**EXERCISE DETAILS:**
Whatever lies between the line that holds "Hot Deepansi02 online" and the final line of the records below, both included, should be repeated exactly; leave out the pictures and add nothing.

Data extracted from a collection
============

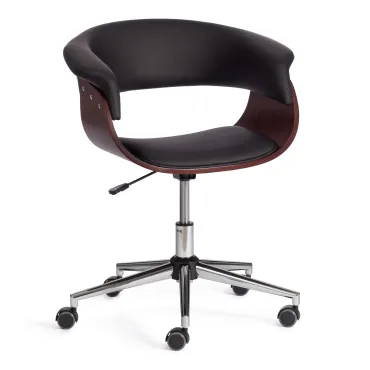 Кресло VIMTA TetChair 13663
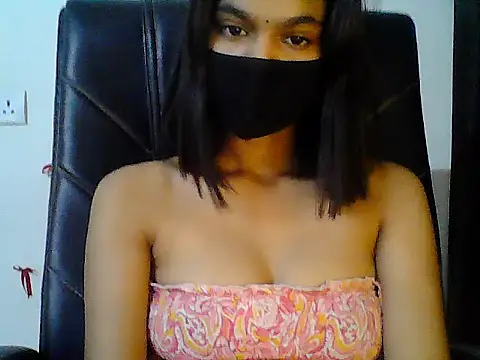 Hot Deepansi02 online show from 08/06/26, 03:19
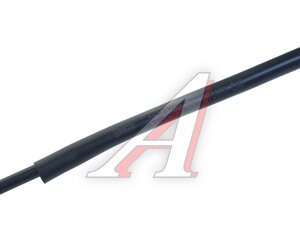 Изображение 5, 2998124SX Трос акселератора RENAULT Clio (98-) STELLOX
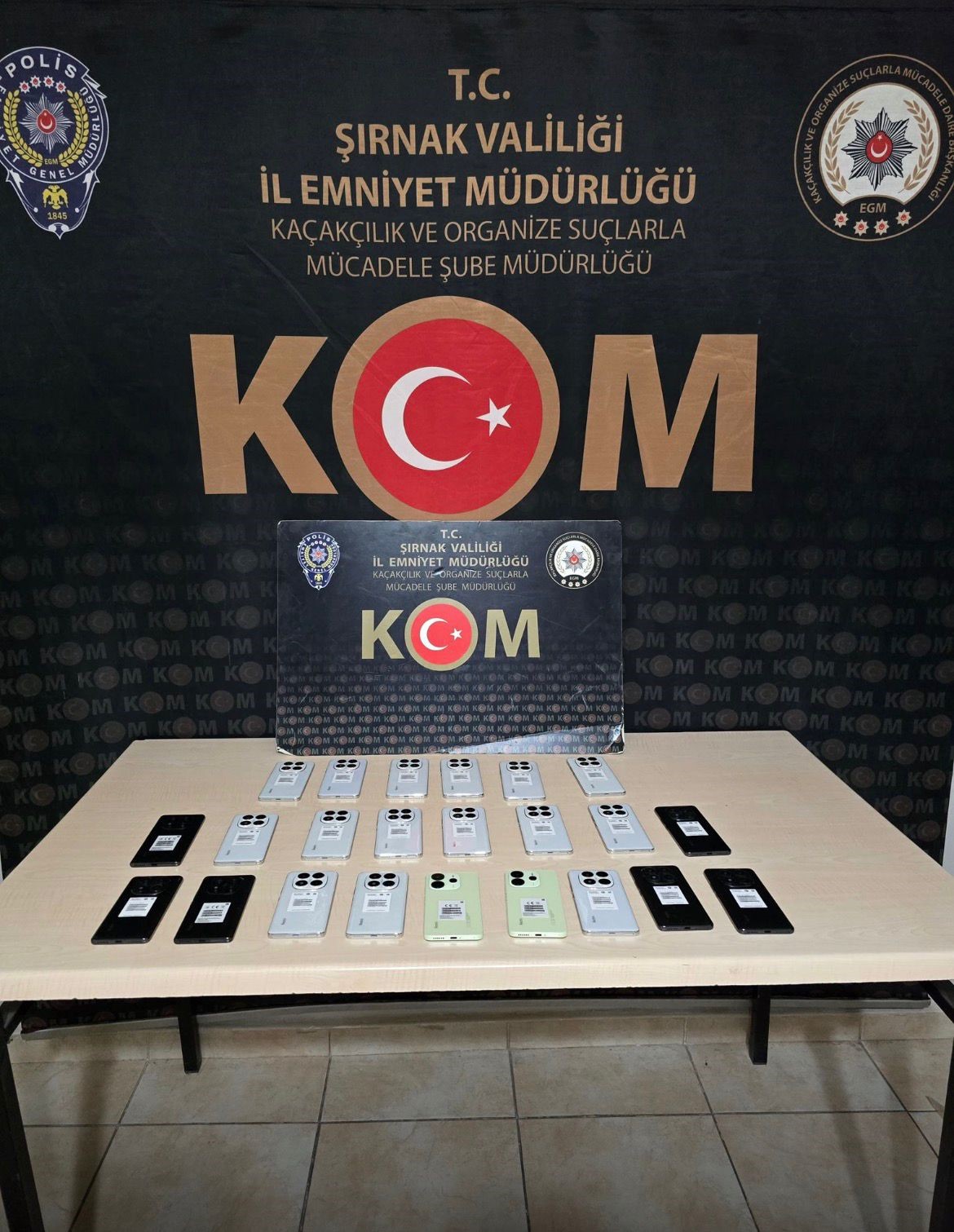 sirnakta-jandarma-10-milyon-liralik-kacak-malzeme-ele-gecirdi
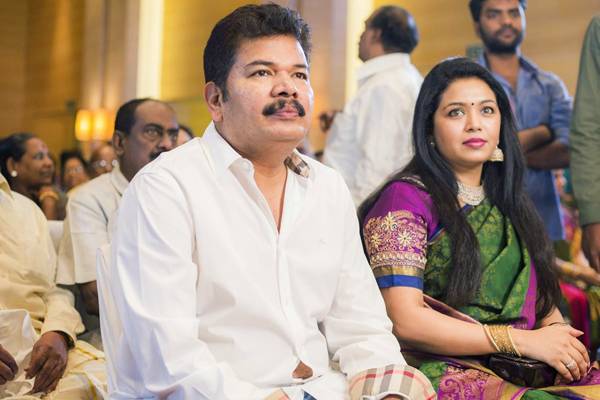 Conditions-Apply-If-not,-No-'Indian-2'-for-Shankar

============

**RESULT OF THIS EXERCISE:**
 Hot Deepansi02 online show from 08/06/26, 03:19
 Изображение 5, 2998124SX Трос акселератора RENAULT Clio (98-) STELLOX
 sirnakta-jandarma-10-milyon-liralik-kacak-malzeme-ele-gecirdi
 Conditions-Apply-If-not,-No-'Indian-2'-for-Shankar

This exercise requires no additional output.